Barquin v. Hall Oil Co.

Decision Date25 October 1921
Docket Number994
Citation28 Wyo. 164,201 P. 352
PartiesBARQUIN v. HALL OIL CO
CourtWyoming Supreme Court

Rehearing Denied January 10, 1922, Reported at: 28 Wyo. 164 at 180.

ERROR to the District Court of Fremont County; HON. CHAS.E. WINTER Judge.

Action by James Barquin and another against the Hall Oil Company for the cancellation of two oil and gas leases and for damages for failure to cancel said leases of record following forfeiture of rights thereunder by failure to drill.

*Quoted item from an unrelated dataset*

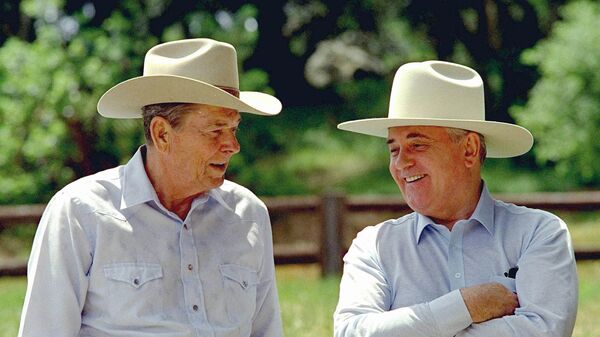 Горбачев и Рейган на ранчо в США в 1992 году - Sputnik Lietuva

Opinion denying rehearing follows the original opinion.

Affirmed.

John J Spriggs, for plaintiffs in error.

The court erred in sustaining the demurrer to the original petition and in sustaining the motion to strike from the amended petition all allegations of damages; the court erred in sustaining the demurer to the third and fourth causes of action and in entering judgment of dismissal. (Kleiner v. Okelley, 167 P. 1.) Plaintiffs were denied substantial rights by the order of the court below in striking out all allegations of damage, as only redundant, irrelevant and scurrilious matter may be stricken. (See 4407 Comp. Stats. 1910.) This ruling confined plaintiff to his remedy of review on appeal from final judgment. (Hutchinson Co. v. Fahey, 168 P. 1139; Methew v. Barton, 128 P. 627; Doolittle v. McConnell, 174 P. 307; Virtue v. Stanley, 139 P. 764.) The sufficiency of the pleading could not be tested by motion to strike. The action resembled one for injunction and damages, both being properly included in one count. (Rogers v. Milliken Oil Co., 161 P. 800; Keppner v. Lemon, 35 A. 109.) The allegations were proper as a basis for damages. (Howerton v. Kansas Gas Co., 34 L. R. A. N. S. 40.) Motion to strike included all allegations properly pleaded. (Turk v. Page, 174 P. 1081.) The law permits no wrong without a remedy. (Pom. Eq. Jr. 427. Cyc. Law Dic. 930.) Action for damages lies for a pecuniary loss. (City v. High, 175 P. 229. Am. Jur. 143.) Refusal to cancel a forfeited lease justifies action for damages. (Rogers v. Milliken Co., supra. Keppner v. Lemon, supra. Archer O. & G. 344; Bettman v. Shadle, 22 Ind.App. 542; Ward v. Triple Co., 115 S.W. 819.) Rules of construction peculiar to oil and gas leases differ from general rules. (Archer O. & G. 148.)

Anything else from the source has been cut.